In
Rainbows End Vernor Vinge describes an example of Augmented reality, where everyone wears VR glasses or contact lenses and see the real world overlaid with helpful informational popups, virtual characters, improved architecture, or alternative fantasy landscapes with gryphons wherever a bus is, etc.
Other authors have taken the idea further, and assume people will move permanently in a semi-virtual world overlaid on reality. Others have taken the idea less far and imagined only occasional non-realistic information pop-ups.

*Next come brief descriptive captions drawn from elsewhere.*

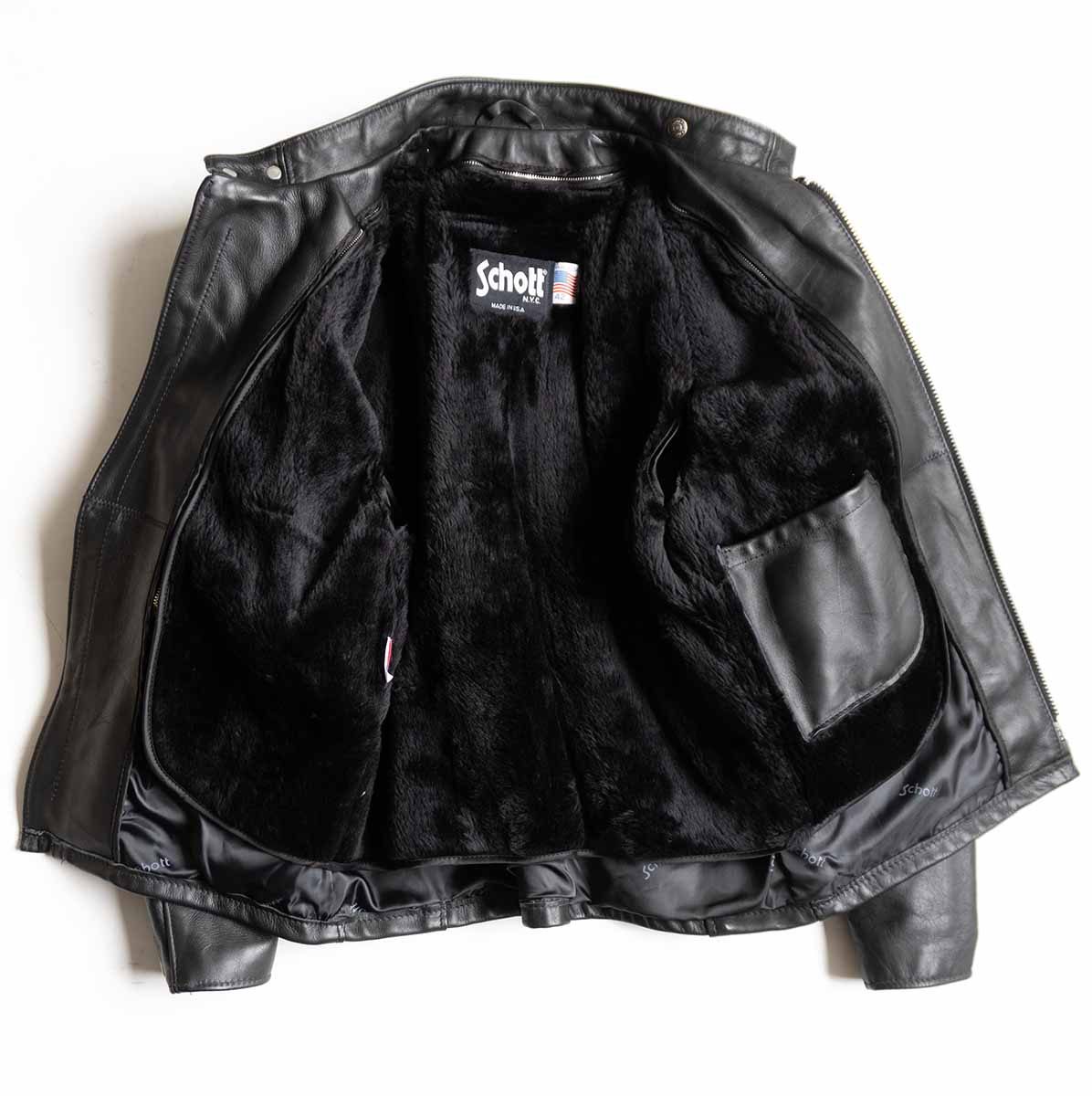 SCHOTT 641 Single Rider Leather Jacket Removable Size XS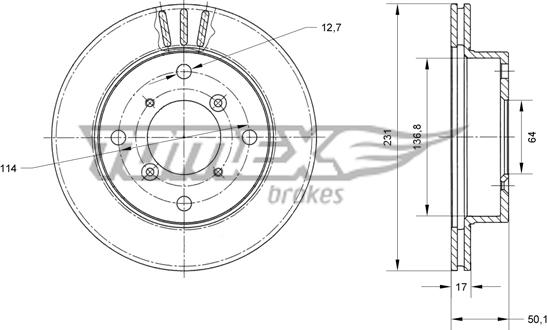 TOMEX brakes TX 70-59 - Гальмівний диск avtolavka.club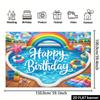 2D Rainbow Pool Party Backdrop Happy Birthday Beach Ball Banner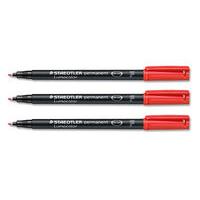 Staedtler Lumocolor F Perm Red 318-2 - 10 Pack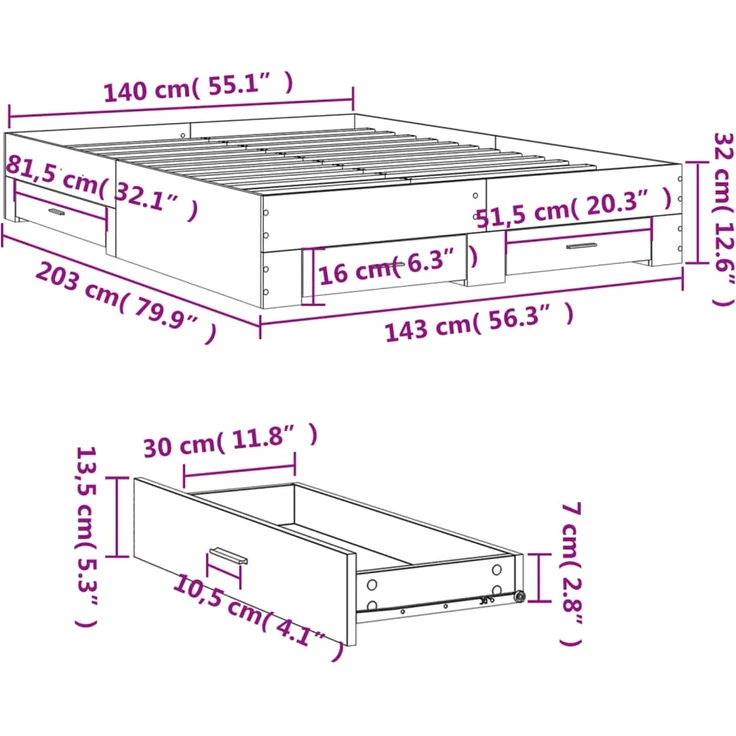 vidaXL Bettgestell mit Schubladen Räuchereiche 140x200cm Holzwerkstoff 3280388 – Bild 10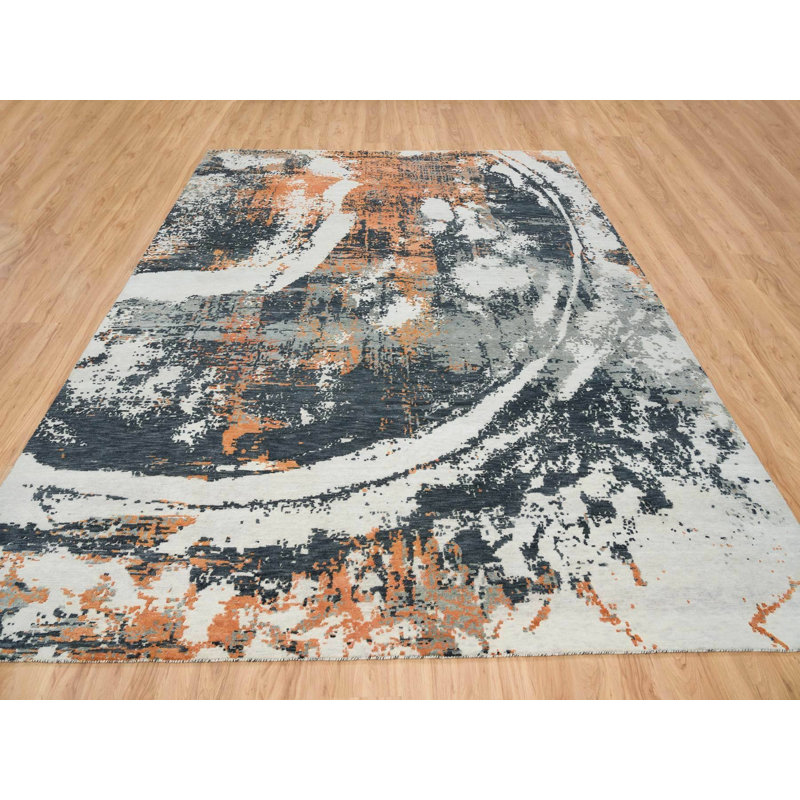 Tapis oriental rectangulaire noir en laine noué à la main 9 pi 3 po x 11 pi 9 po - MOA10265624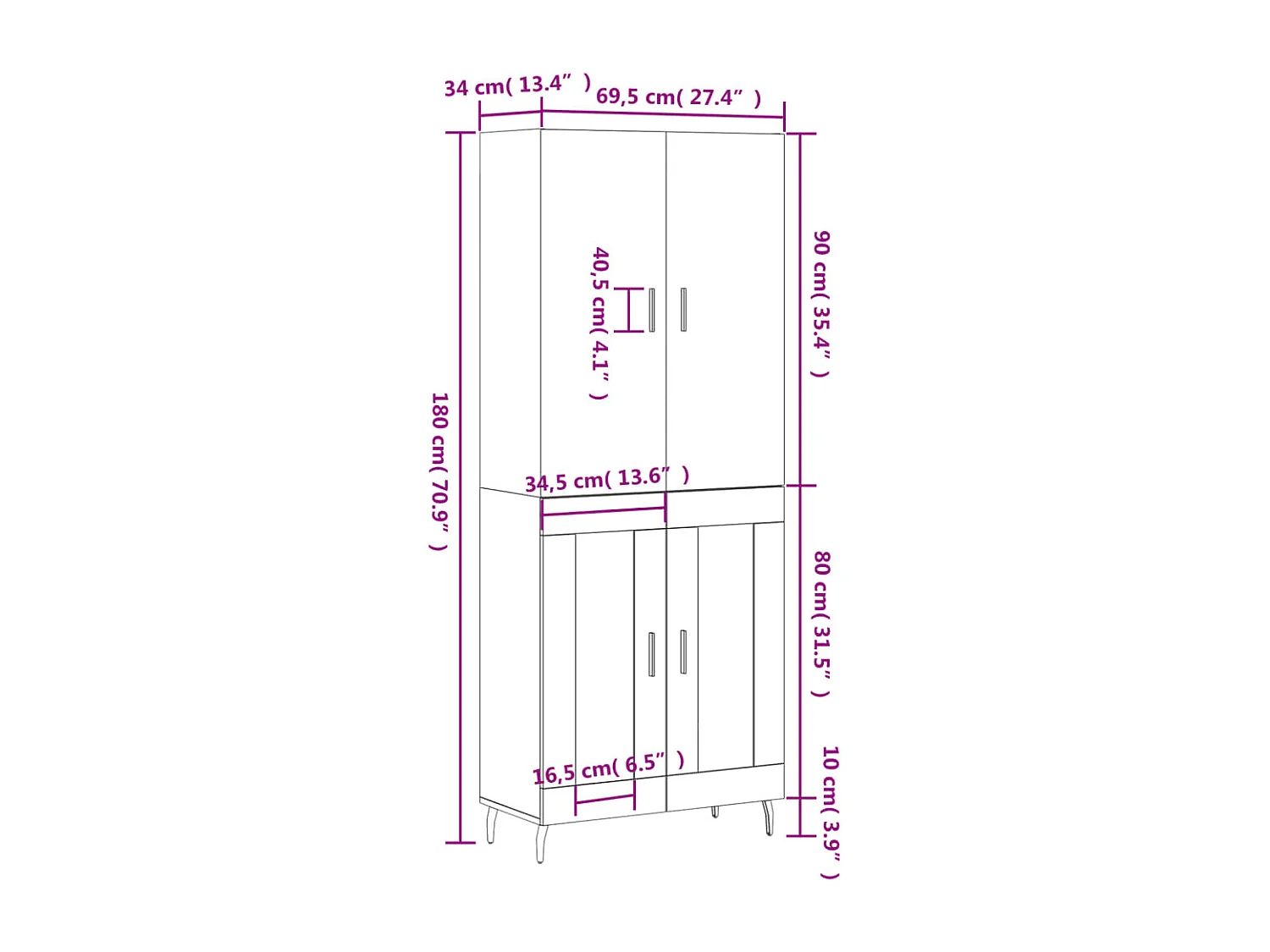 Buffet haut Blanc 69,5x34x180 cm Bois d'ingénierie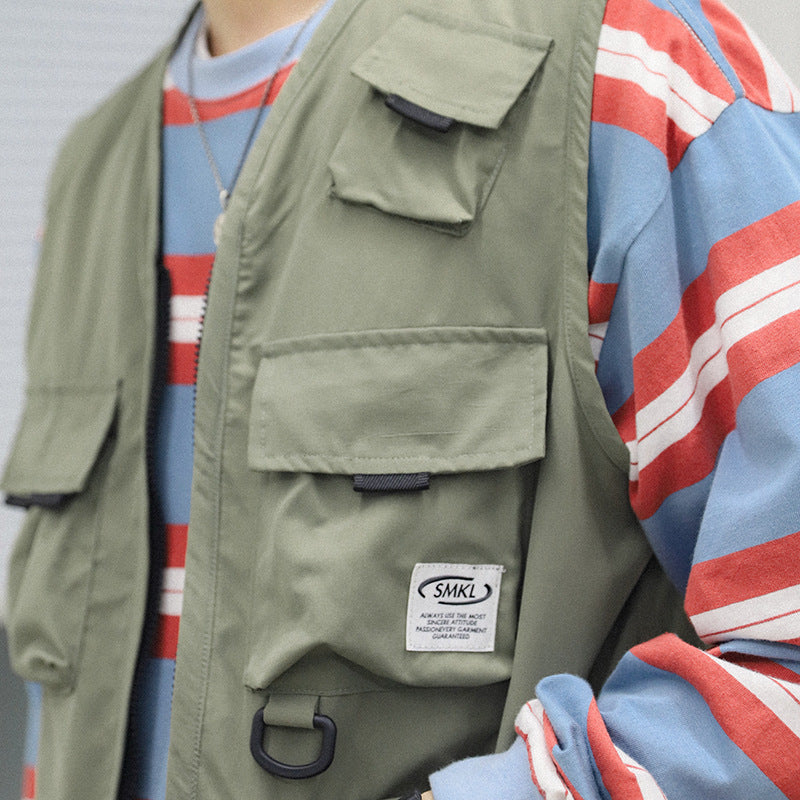 Zipper Cardigan Tactical Vest Loose Sleeveless Jacket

When I read this, I imagined it being in a futuristic future 30-100 years ahead. But now I suddenly realise that with google street view we could buid it *right now*. Not with fully-fledged alternate worlds and full-time immersion (which may well be a red herring), but something with the same basis. It seems like there are notable engineering challenges left but not necessarily any _conceptual_ challenges. Imagine needing:
1. A smart-phone with GPS which can find all google streetview images within (?) metres and let the user scroll between them
2. A wiki-like system for creating (one or multiple) overlays of streetview image that can be edited from a computer
3. Lots and lots of bandwidth
3. Image matching to turn an image from the phone's camera into the corresponding overlay
4. Separate overlays for different purposes, eg. one designed for owners of property depicted, one for a community "decorate the world to look like the discworld" project, one for friends-of-friends-of-friends, one for travel guides, one for everyone etc.
5. Automatic alerts for various information.
Imagine being able to just hold your smartphone up to a restaurant and on the screen see the same thing, but with "warning, overpriced" scrawled on it or up to the colleseum and see someone's painting of it as the original, or up to a complicated junction and see a big highlight on the correct path to take!
Obviously that's a lot of work, there's no reason for it to happen like that, but it feels possible, which is scary in itself!
And if it DID work, it would be easy to get people to submit further photos of streets (to cut the dependency on google) and of countryside, interiors, etc.